### Problem description:
What you return should match the data word for word, minus the images.

Information provided START

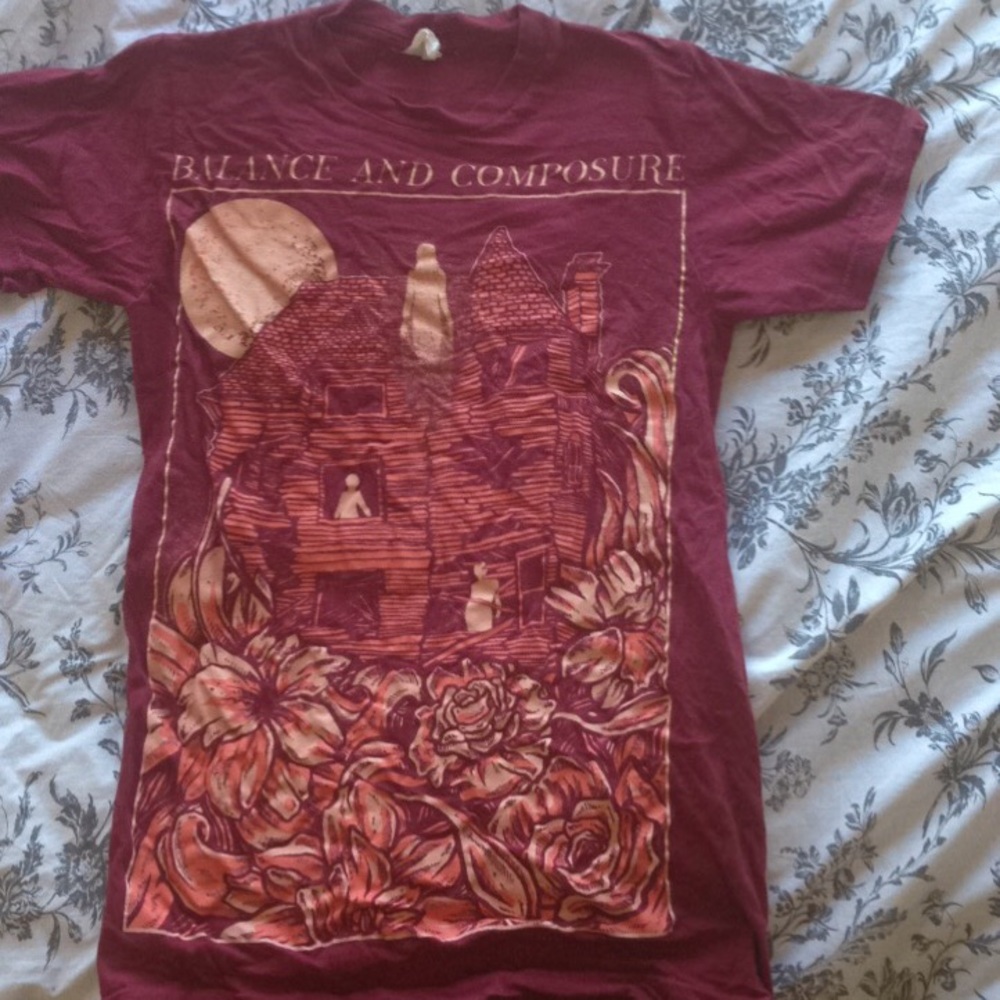 Balance and Composure shirt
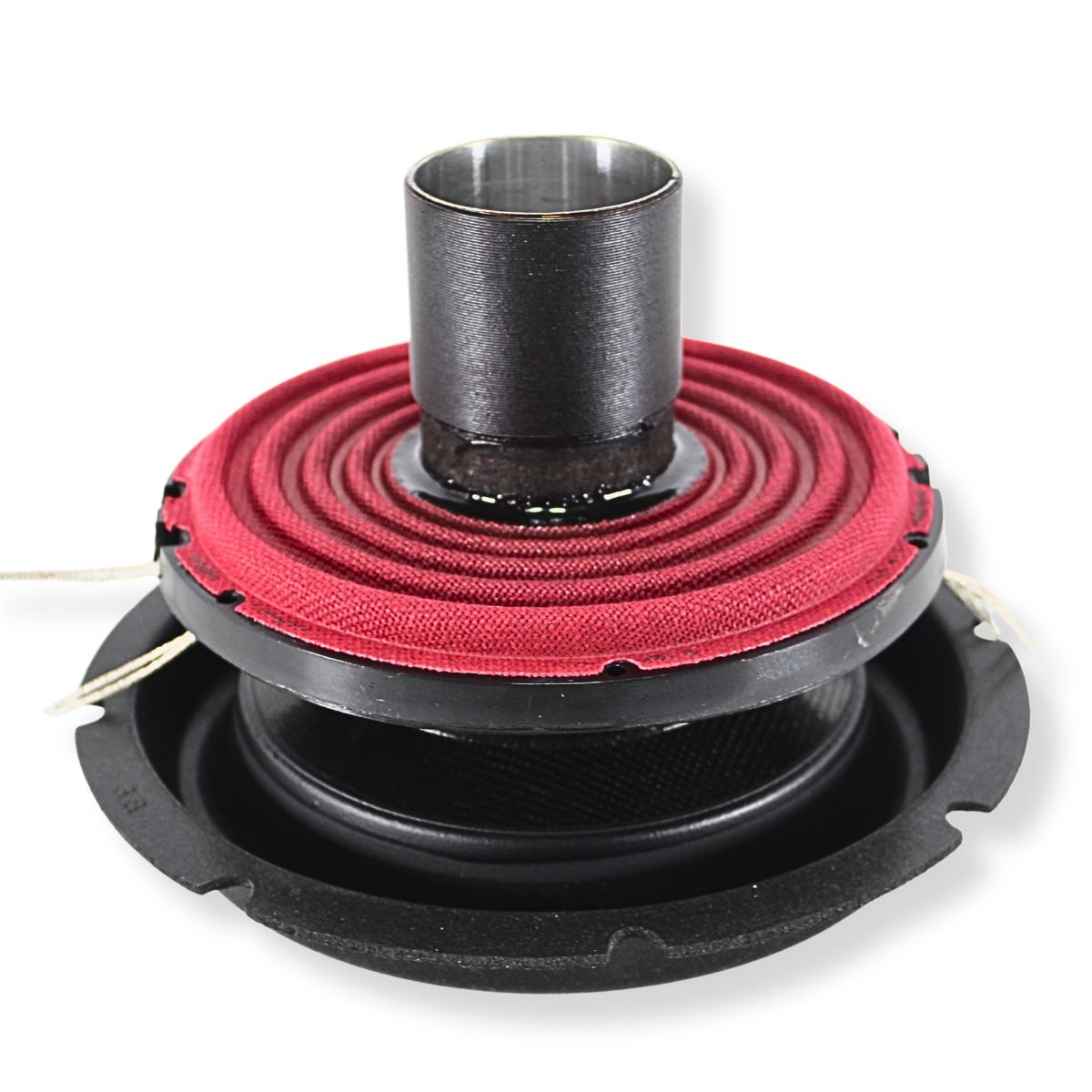 B2 Audio Rampage 8" Re-cone Kit Drop 2-Ohm 3" Coil Carbon Fiber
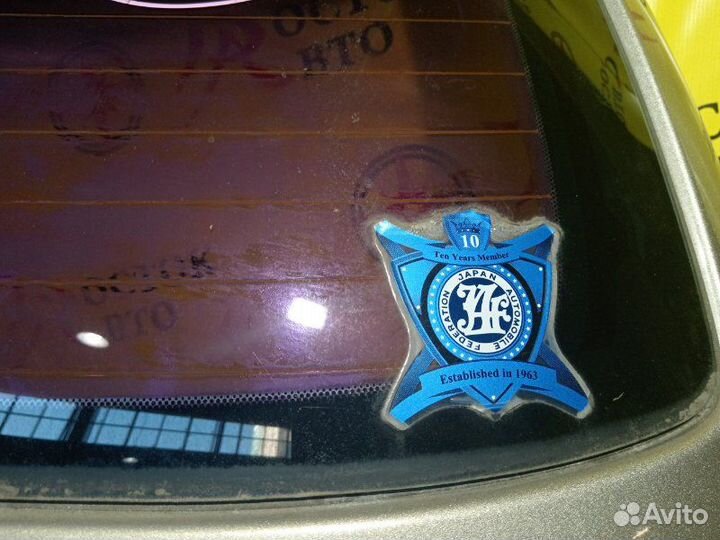 Дверь задняя Toyota Harrier MCU10W 1MZ-FE 1998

Information provided END

### Solution below:
 Balance and Composure shirt
 B2 Audio Rampage 8" Re-cone Kit Drop 2-Ohm 3" Coil Carbon Fiber
 Дверь задняя Toyota Harrier MCU10W 1MZ-FE 1998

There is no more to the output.